#### [Requirement]
The reply should consist solely of the lines from the one that holds "photo de WIRE" through the last line of the material, reproduced exactly; no pictures belong in it.

#### [Stored data]
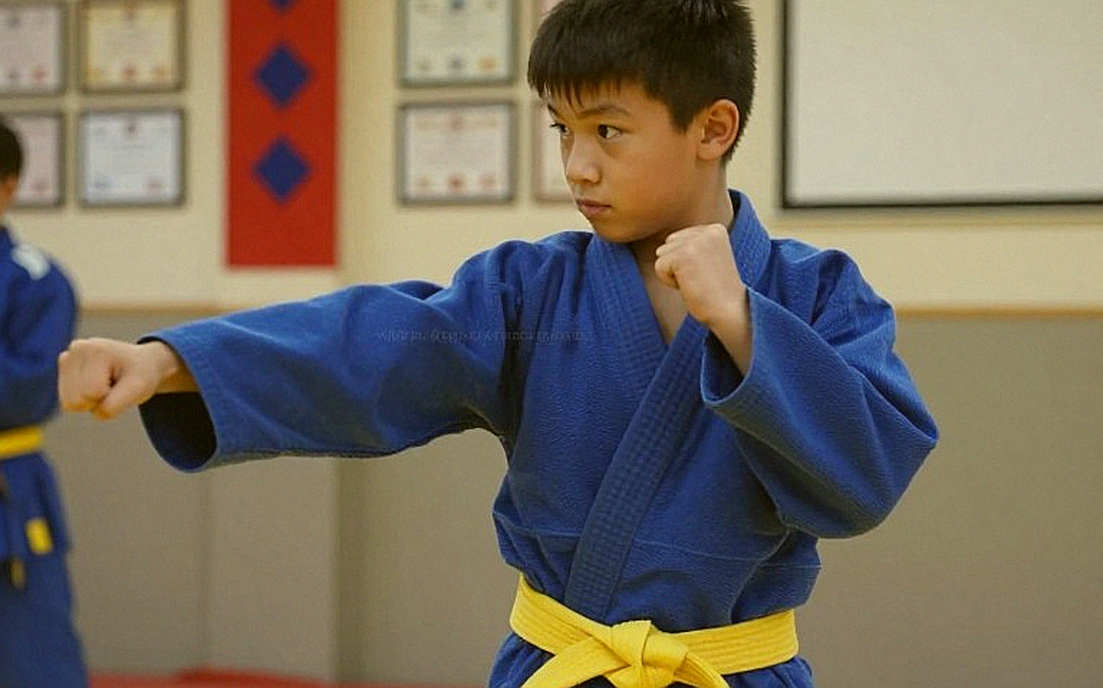 Những ô trống trong hồ sơ võ sĩ Việt Nam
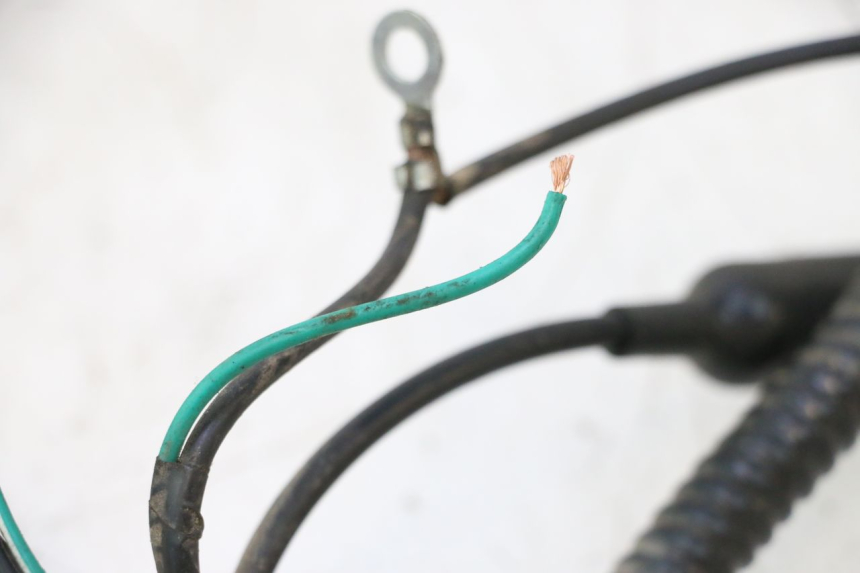 photo de WIRE HARNESS ORCAL RAPTOR 50 (2015 - 2021) - Fixing points details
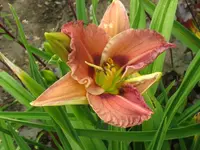 IMG_tante ju_1024x768.webp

#### [Output of the exercise]
 photo de WIRE HARNESS ORCAL RAPTOR 50 (2015 - 2021) - Fixing points details
 IMG_tante ju_1024x768.webp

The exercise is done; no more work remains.